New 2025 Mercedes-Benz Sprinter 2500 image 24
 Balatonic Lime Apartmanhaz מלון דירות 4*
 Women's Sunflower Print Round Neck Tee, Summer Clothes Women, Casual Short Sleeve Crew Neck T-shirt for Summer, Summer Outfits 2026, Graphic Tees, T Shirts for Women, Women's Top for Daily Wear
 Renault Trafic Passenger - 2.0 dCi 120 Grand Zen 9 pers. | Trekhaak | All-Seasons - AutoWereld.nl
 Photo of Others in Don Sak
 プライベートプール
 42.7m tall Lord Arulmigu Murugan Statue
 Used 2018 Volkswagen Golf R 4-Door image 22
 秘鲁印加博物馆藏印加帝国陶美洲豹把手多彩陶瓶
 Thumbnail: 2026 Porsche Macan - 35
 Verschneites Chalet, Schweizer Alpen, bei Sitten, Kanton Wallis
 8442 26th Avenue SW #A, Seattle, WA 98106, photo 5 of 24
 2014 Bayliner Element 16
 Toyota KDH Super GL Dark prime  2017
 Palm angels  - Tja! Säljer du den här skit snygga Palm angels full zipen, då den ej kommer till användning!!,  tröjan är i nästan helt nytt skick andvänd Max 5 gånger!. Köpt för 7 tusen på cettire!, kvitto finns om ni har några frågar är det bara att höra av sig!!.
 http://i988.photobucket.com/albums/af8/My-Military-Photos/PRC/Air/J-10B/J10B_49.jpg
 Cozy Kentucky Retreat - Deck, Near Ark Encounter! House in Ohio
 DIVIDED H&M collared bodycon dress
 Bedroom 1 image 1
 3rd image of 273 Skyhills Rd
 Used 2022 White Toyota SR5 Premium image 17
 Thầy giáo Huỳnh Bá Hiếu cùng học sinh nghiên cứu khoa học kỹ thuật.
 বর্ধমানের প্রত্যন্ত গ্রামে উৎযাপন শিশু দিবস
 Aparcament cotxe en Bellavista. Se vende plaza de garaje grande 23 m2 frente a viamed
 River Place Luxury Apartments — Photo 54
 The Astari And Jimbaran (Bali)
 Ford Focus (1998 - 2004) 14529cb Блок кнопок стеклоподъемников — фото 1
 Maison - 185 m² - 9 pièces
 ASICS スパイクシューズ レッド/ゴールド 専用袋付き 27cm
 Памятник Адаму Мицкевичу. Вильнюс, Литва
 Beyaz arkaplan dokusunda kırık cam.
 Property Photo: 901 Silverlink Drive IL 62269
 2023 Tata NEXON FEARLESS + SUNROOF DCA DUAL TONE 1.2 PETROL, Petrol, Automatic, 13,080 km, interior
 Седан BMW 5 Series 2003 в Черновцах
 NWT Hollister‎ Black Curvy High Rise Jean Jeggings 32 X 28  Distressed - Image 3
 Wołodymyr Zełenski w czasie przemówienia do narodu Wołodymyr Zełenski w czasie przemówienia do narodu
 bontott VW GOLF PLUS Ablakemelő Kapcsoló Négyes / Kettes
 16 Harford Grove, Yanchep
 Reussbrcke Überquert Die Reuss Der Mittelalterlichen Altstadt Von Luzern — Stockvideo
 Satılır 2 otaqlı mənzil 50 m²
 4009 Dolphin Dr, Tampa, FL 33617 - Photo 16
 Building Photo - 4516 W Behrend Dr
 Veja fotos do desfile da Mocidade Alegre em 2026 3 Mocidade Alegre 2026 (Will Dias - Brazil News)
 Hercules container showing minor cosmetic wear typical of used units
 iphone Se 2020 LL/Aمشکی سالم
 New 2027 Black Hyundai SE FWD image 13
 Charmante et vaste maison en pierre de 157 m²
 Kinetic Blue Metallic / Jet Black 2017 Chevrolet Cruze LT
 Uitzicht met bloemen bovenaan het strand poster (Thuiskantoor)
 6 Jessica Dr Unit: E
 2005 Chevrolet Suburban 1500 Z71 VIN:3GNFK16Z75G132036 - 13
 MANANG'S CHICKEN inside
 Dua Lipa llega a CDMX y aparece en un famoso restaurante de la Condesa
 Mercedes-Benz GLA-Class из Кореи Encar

Exercise aim: Your output should be an exact transcription of the line that holds "Veja fotos do" and each line after it through the end of the listing above.

Result:
 Veja fotos do desfile da Mocidade Alegre em 2026 3 Mocidade Alegre 2026 (Will Dias - Brazil News)
 Hercules container showing minor cosmetic wear typical of used units
 iphone Se 2020 LL/Aمشکی سالم
 New 2027 Black Hyundai SE FWD image 13
 Charmante et vaste maison en pierre de 157 m²
 Kinetic Blue Metallic / Jet Black 2017 Chevrolet Cruze LT
 Uitzicht met bloemen bovenaan het strand poster (Thuiskantoor)
 6 Jessica Dr Unit: E
 2005 Chevrolet Suburban 1500 Z71 VIN:3GNFK16Z75G132036 - 13
 MANANG'S CHICKEN inside
 Dua Lipa llega a CDMX y aparece en un famoso restaurante de la Condesa
 Mercedes-Benz GLA-Class из Кореи Encar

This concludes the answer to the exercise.